Another day, another spate of headlines about the growing mess at Tesla.
Last week, the electric carmaker announced that its head of engineering, Doug Field, was taking a leave of absence to “spend time with his family.”
That news came just a few days after the company announced dreadful first-quarter financial results. As usual, the company posted a huge loss (nearly $785 million) and the company’s CEO, Elon Musk, promised that Tesla will soon — really soon, and he means it this time — begin churning out Model 3 cars by the thousands.
But the media’s infatuation with Tesla is overshadowing a story that’s far more important than the number of electric cars, solar panels and batteries that Tesla may (or may not) be producing.
Two days before Tesla announced its first-quarter results, the Energy Information Administration reported that US production of both oil and natural gas are at record levels.
In February, oil output hit 10.2 million barrels per day and gas production hit 87.6 billion cubic feet per day. The fact that US oil and gas companies are producing such prodigious quantities of energy — and by doing so, are saving consumers billions of dollars per year — should be headline news.

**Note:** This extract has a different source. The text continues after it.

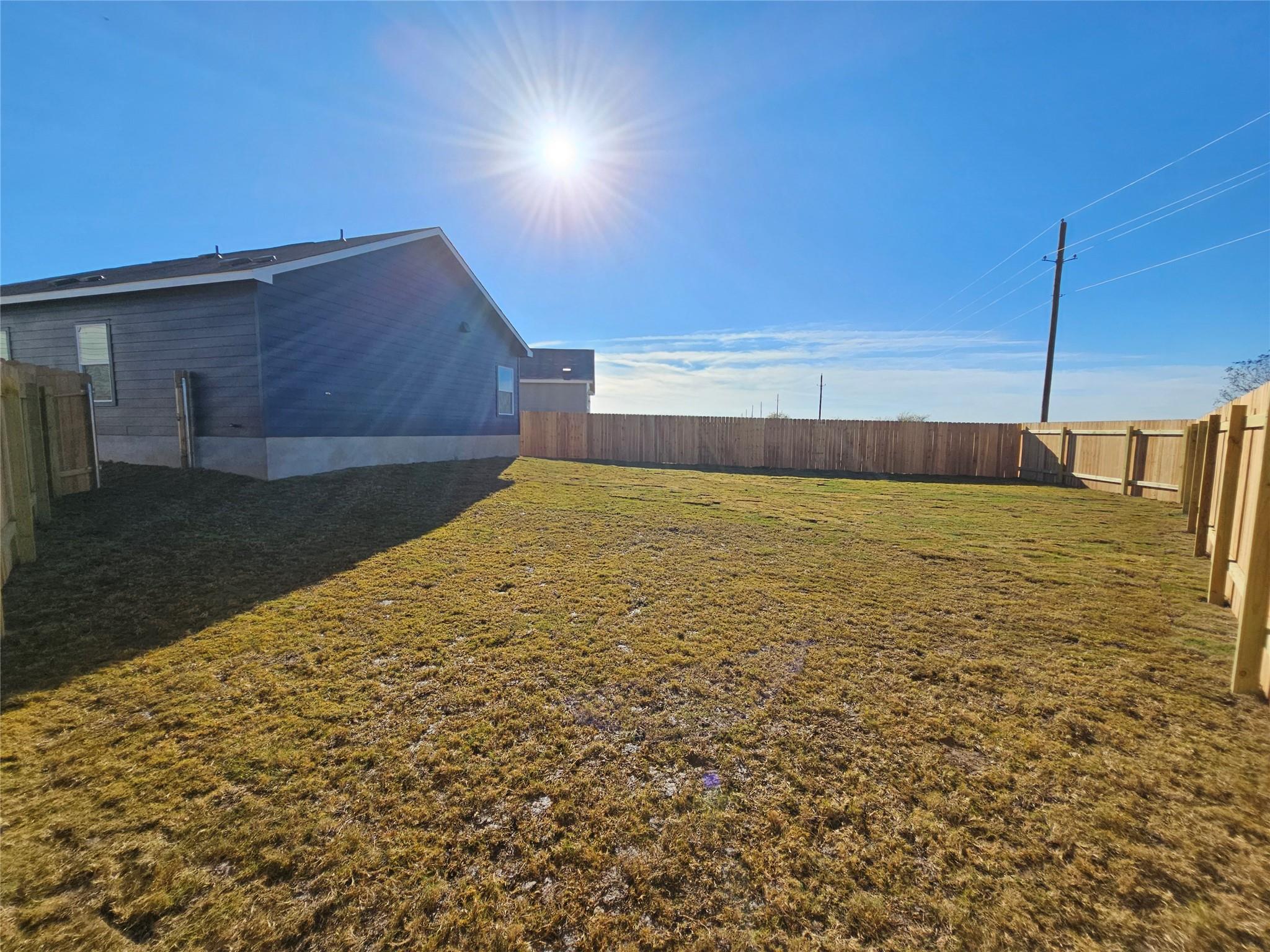 856 Rancho Del Cielo Loop, Jarrell, TX 76537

As my colleague at the Manhattan Institute, Mark P. Mills, has noted, the shale revolution has turned the US into an energy superpower. The combination of horizontal drilling, hydraulic fracturing and other technologies, he says, has resulted in “the fastest and biggest addition to world energy supply that has ever occurred in history.”
How big is that addition? Over the past decade, merely the increase — I repeat, just the increase — in US oil and gas production is equal to seven times the total energy production of every wind turbine and solar project in the United States.
Climate-change activists like to claim that renewable energy can power the entire economy and that we should “do the math.” I couldn’t agree more — on the math part. In 2008, US oil production was about 5.2 million barrels per day. Today, it’s about 10.2 million barrels per day. In 2008, domestic gas production averaged about 55.1 billion cubic feet per day. Today, it’s about 87.6 billion cubic feet per day.
That’s an increase of about 32.5 billion cubic feet per day, which is equivalent to about 5.5 million barrels of oil per day. Thus, over the past decade, US oil and gas output has jumped by about 10.5 million barrels of oil equivalent per day.
Let’s compare that to domestic solar and wind production which, since 2008, has increased by 4,800 percent and 450 percent, respectively. While those percentage increases are impressive, the total energy produced from those sources remains small when compared to oil and gas.
In 2017, according to the Energy Information Administration, US solar production totaled about 77 terawatt-hours and wind production totaled about 254 terawatt-hours, for a combined total of 331 terawatt-hours. That’s the equivalent of about 1.5 million barrels of oil per day.
Simple division (10.5 divided by 1.5) shows that since 2008, the increase in energy production from oil and gas is equal to seven times the energy output of all domestic solar and wind.
This surge in hydrocarbon production has resulted in huge benefits to the US economy. Over the past half-decade, foreign and domestic companies have invested about $160 billion in new chemical-manufacturing facilities in the United States. A 2016 study by IHS found that lower natural-gas prices have created about 1.4 million jobs and increased disposable income by about $156 billion.
Those real-world gains are being lost amid the neverending hype over Tesla and Musk, who during the May 2 briefing referred to a “solar-battery-powered mega charger” and claimed that Tesla drivers can “have sort of like a mind meld with the car.”
The punchline here is obvious: chatter about mega chargers and mind melds captivates the masses. But the most consequential energy story in America isn’t happening at Tesla, or other “green” energy companies. It’s happening in the oil and gas business.

Robert Bryce is a senior fellow at the Manhattan Institute.